Mais lorsque le couperet est tombé, il n’a « même pas cherché à [se] replacer sur le marché du travail ». Un choix surprenant à l’heure où la retraite est un horizon lointain? Principe de réalité, rétorque M. Lecenes : « je n’ai pas le Bac et je ne suis pas bilingue. Autrement j’aurais peut-être essayé de retrouver une activité salariée ». Reste qu’une autre explication est encore plus importante à ses yeux. « J’ai anticipé. Aujourd’hui, il faut préparer son avenir. Avoir cet état d’esprit est essentiel », résume-t-il.
 
Passionné par le vin, M. Lecenes avait déjà caressé l’idée d’en faire son métier. Le plan de départ volontaire lui a donné l’occasion de sauter le pas. Une décision rapide mais loin d’être irréfléchie. Au contraire. « Ma maison est payée, mes enfants sont grands, je n’ai pas de crédit et j’ai bénéficié des indemnités du PSE, détaille-t-il. Le risque financier n’est donc pas rédhibitoire. J’aurais agi différemment dans le cas contraire. Mais le plus important dans mon projet, c’était d’avoir l’accord et le soutien de mes proches ».
 
Une fois tous les signaux au vert, M. Lecenes entame sa formation.
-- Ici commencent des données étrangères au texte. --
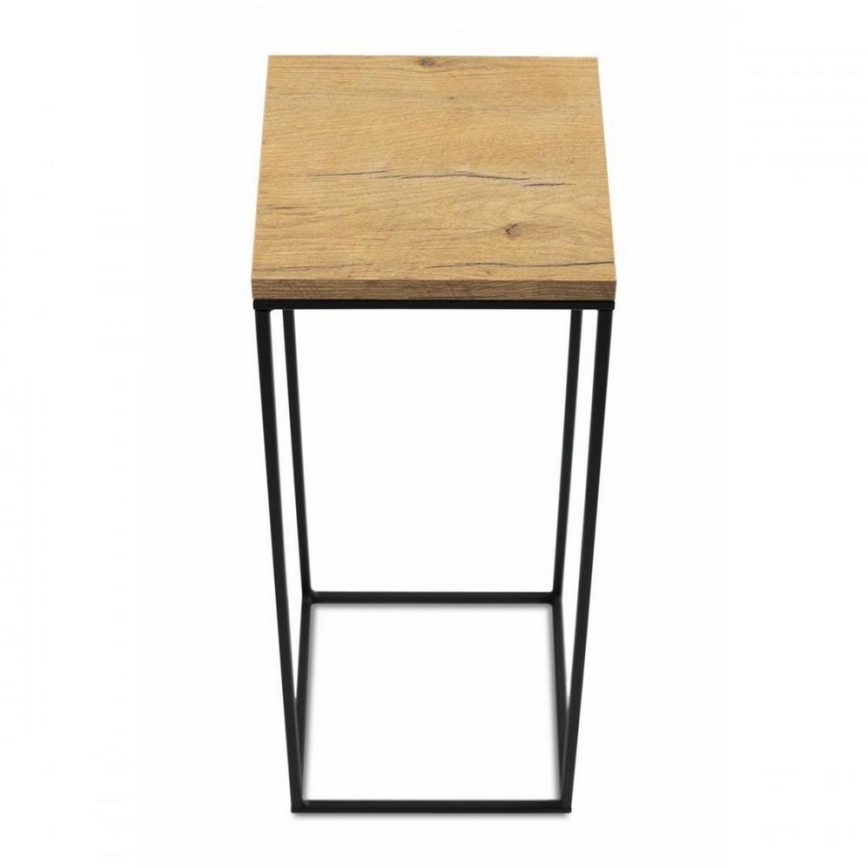 Soporte para flores BASICLOFT 60x24 negro/marrón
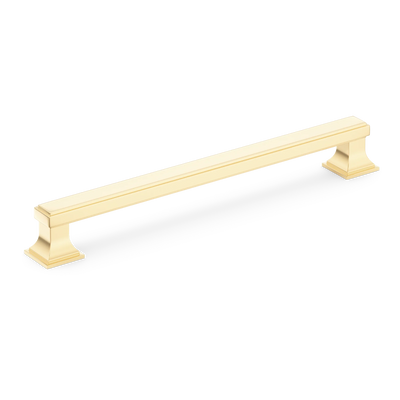 Armac Martin Jefferson Cabinet Handle in 96mm / Polished Brass Unlacquered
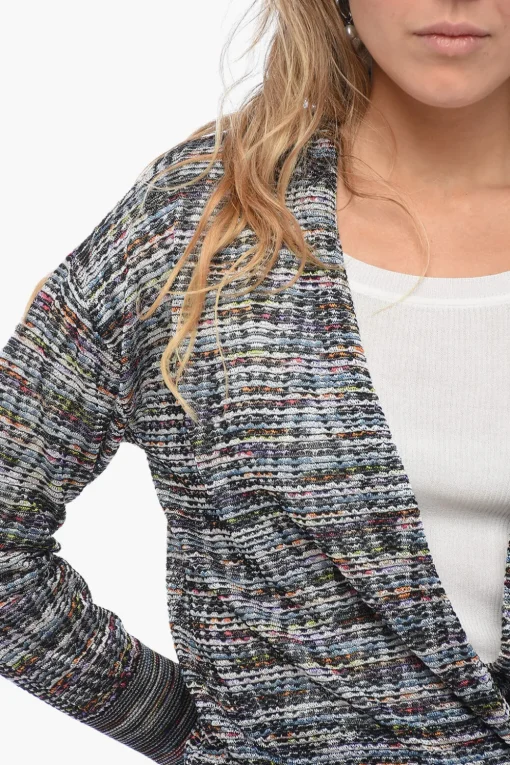 Cardigan in Tessuto Stretch con Design Doppiopetto>Missoni Best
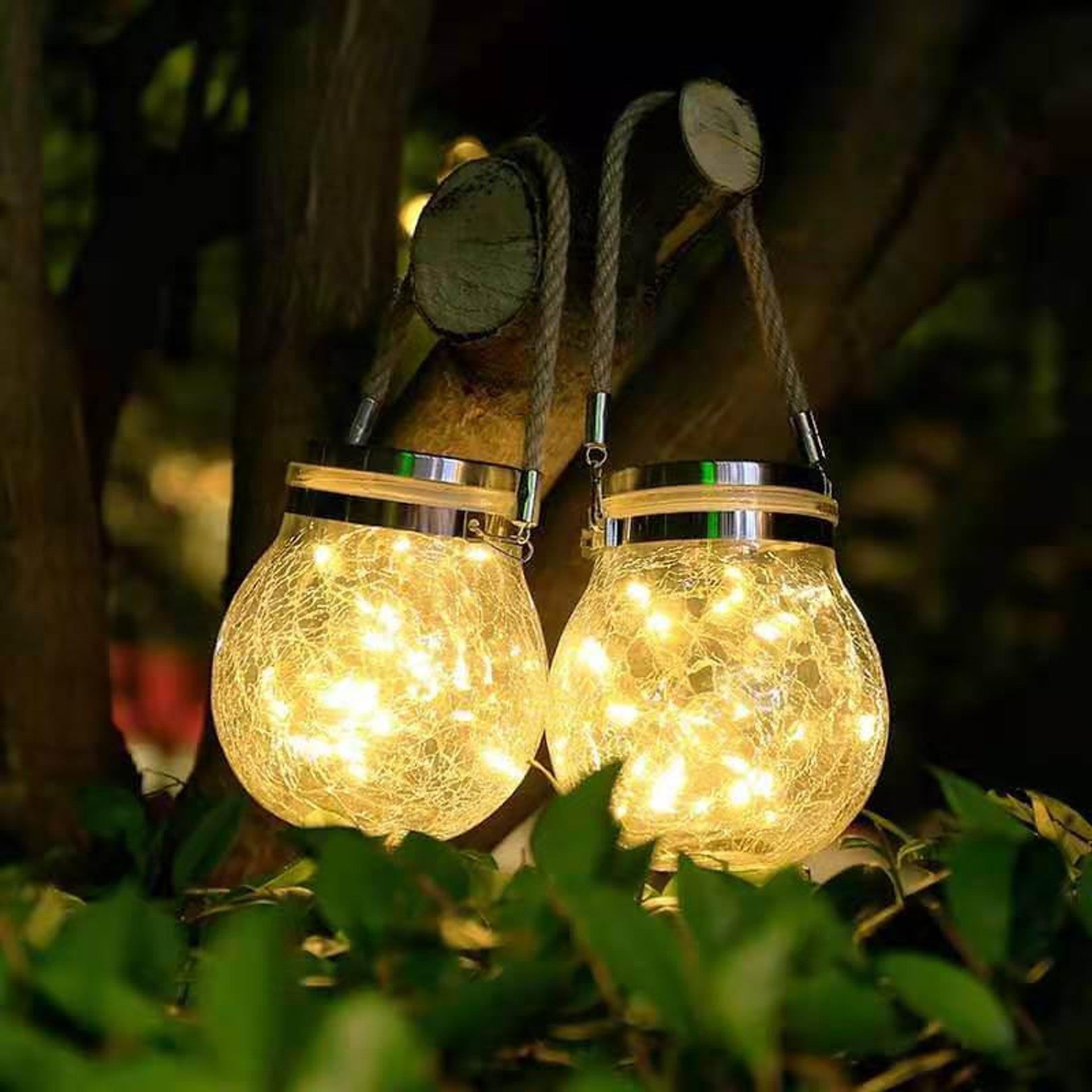 GlowCrest - Glass solar lamp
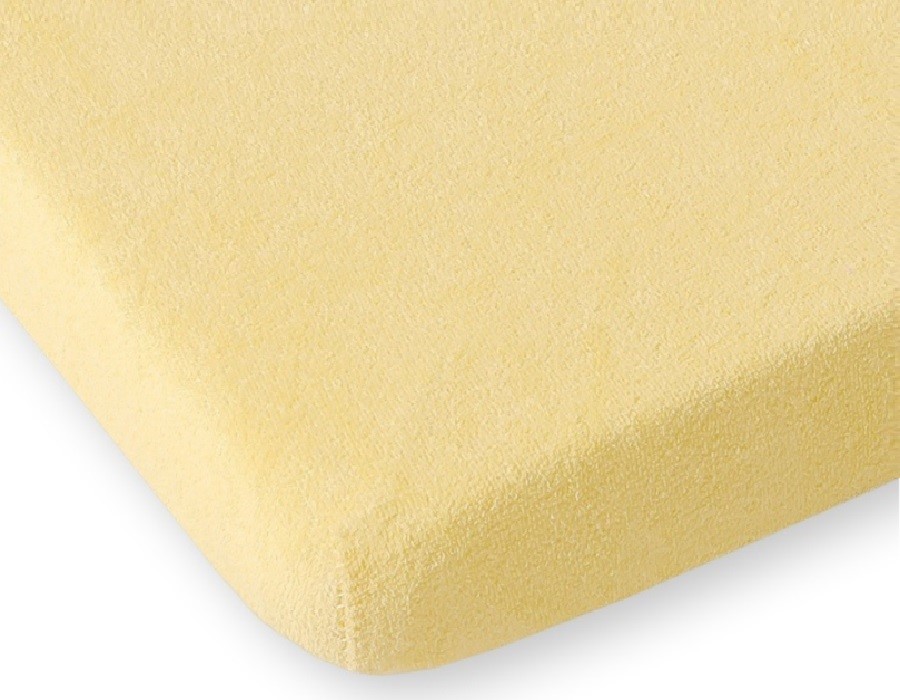 Slika Rjuha 140x70 iz frotirja YELLOW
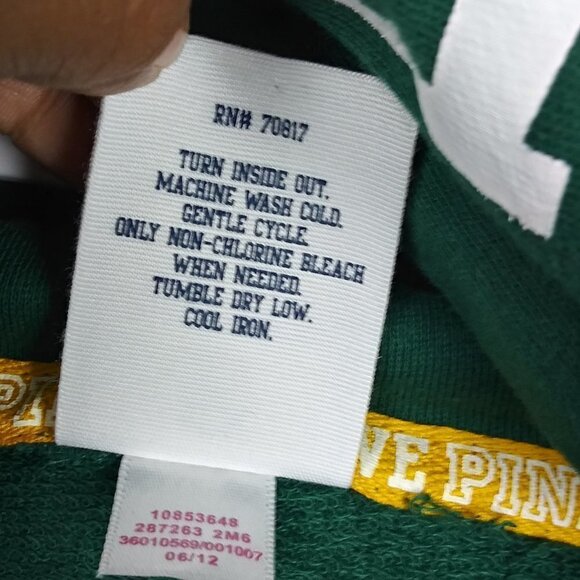 PINK VICTORIA'S SECRET PACKERS green full zip hoodie sweatshirts size S - Picture 6 of 11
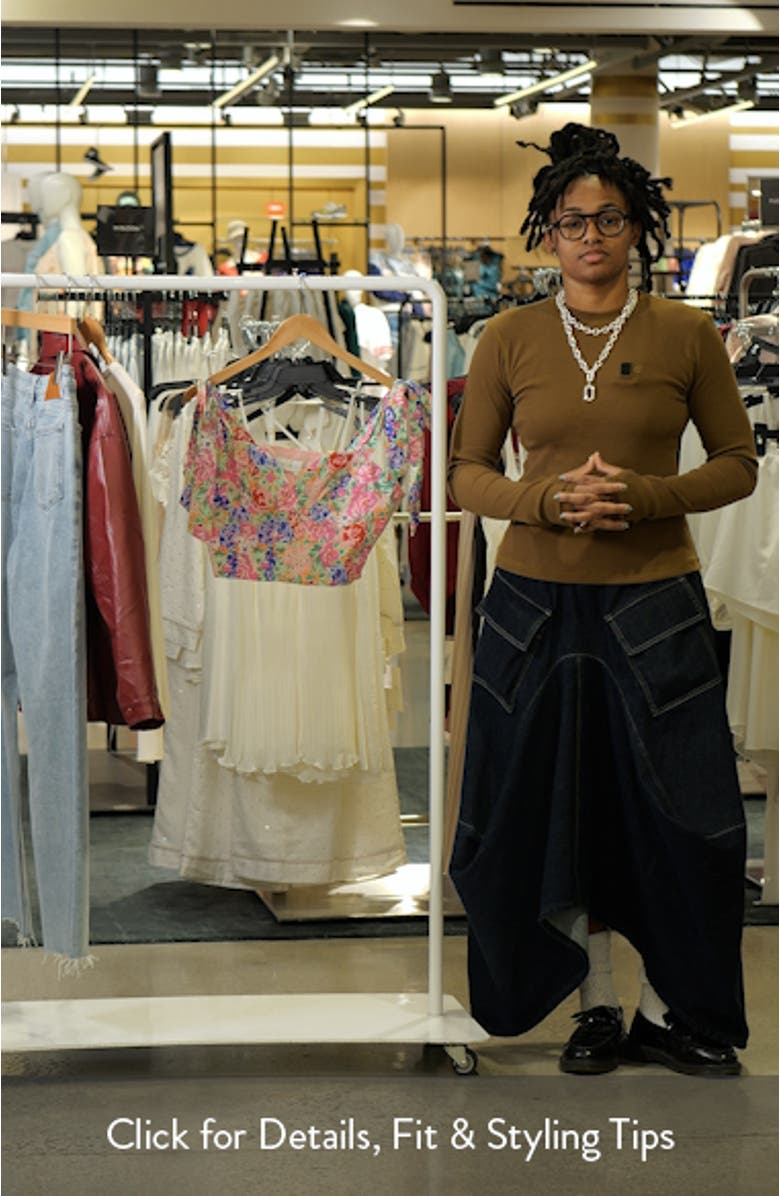 Floral Print Crop Tank, sales video thumbnail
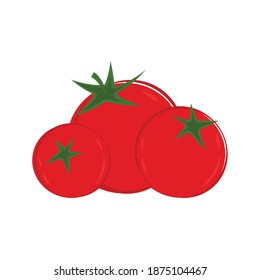 Tomato cartoon. Tomato vector. Tomato on white background.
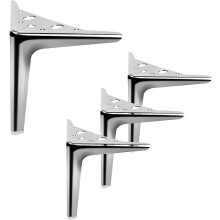 Verstelbare kastpoten 4 stuks zilveren meubelpoten, metalen meubelpoten, metalen driehoekige meubelpoten,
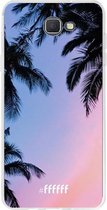 Samsung Galaxy J5 Prime (2017) Hoesje Transparant TPU Case - Sunset Palms #ffffff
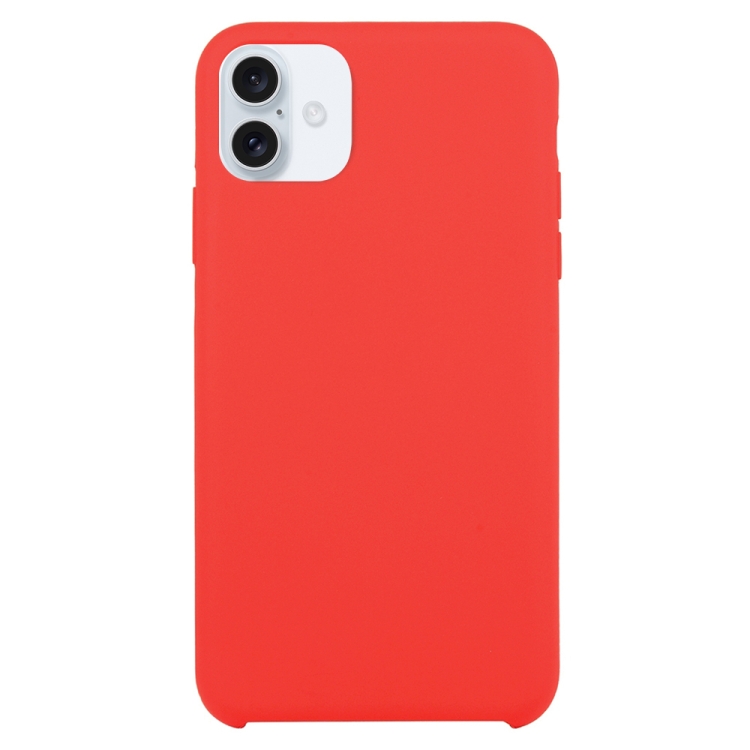 

Solid Silicone Phone Case For iPhone 16(Red)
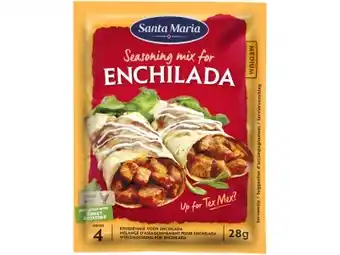 Hoogvliet Santa Maria Enchilada seasoning mix 28g aanbieding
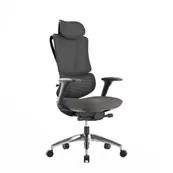 Fauteuil de bureau EGOSTAR Ultra - accoudoirs réglables - Appui-tête réglable - noir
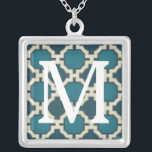 Colar Banhado A Prata Monograma | Motivos de mercado VI<br><div class="desc">Padrões</div>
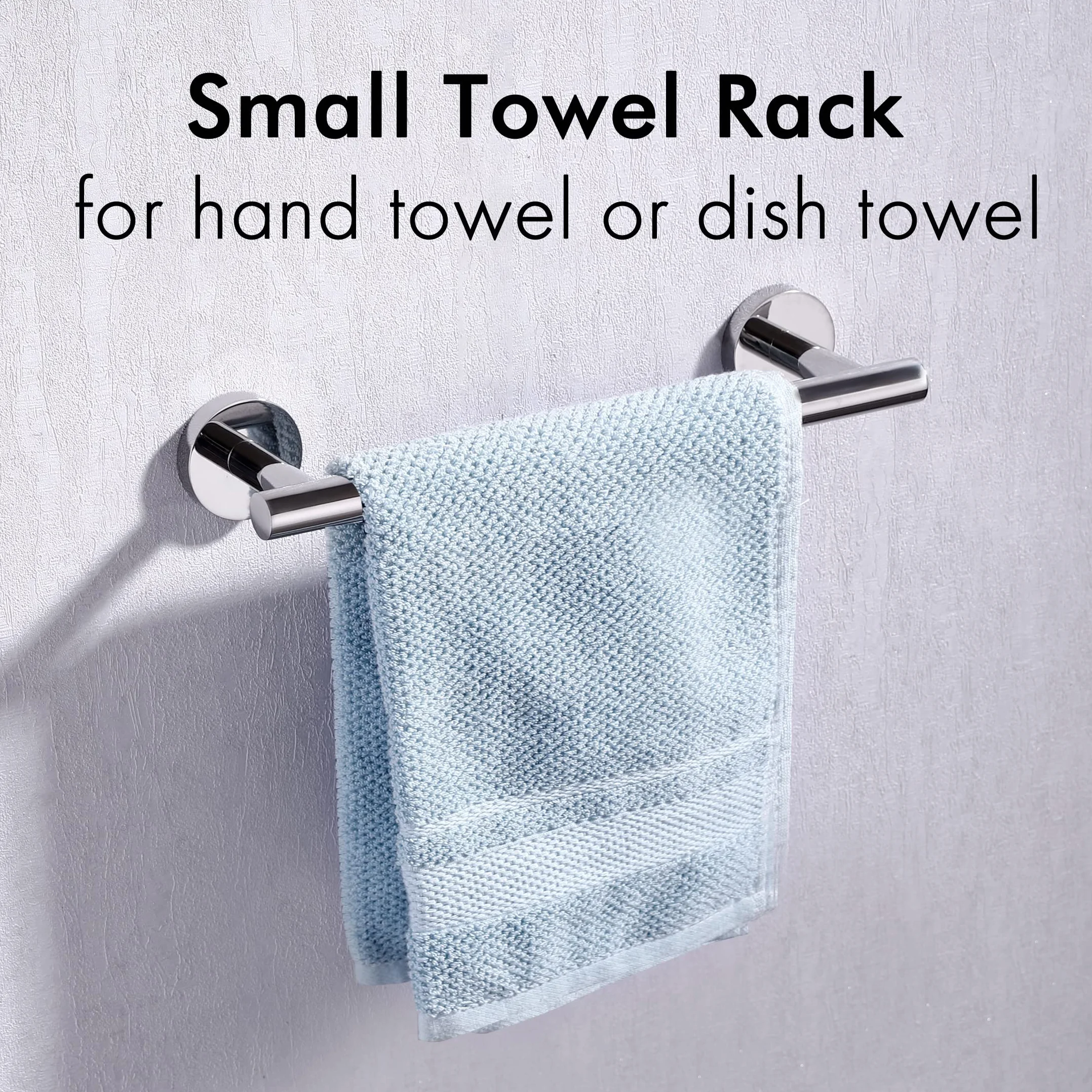 Toallero Barra Acero Inoxidable 30CM para Baño y Cocina Acero Pulido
Sans transition, ce qui lui permet de « gérer au mieux la coupure avec la précédente vie ». En parallèle, il met à profit l’accompagnement que lui procure VAR Conseil RH pour avancer sur son projet professionnel. M. Lecenes juge un tel accompagnement « primordial ». « La motivation est le plus important. Mais être accompagné m’a aidé à connaître mes points forts et mes points faibles », estime-t-il.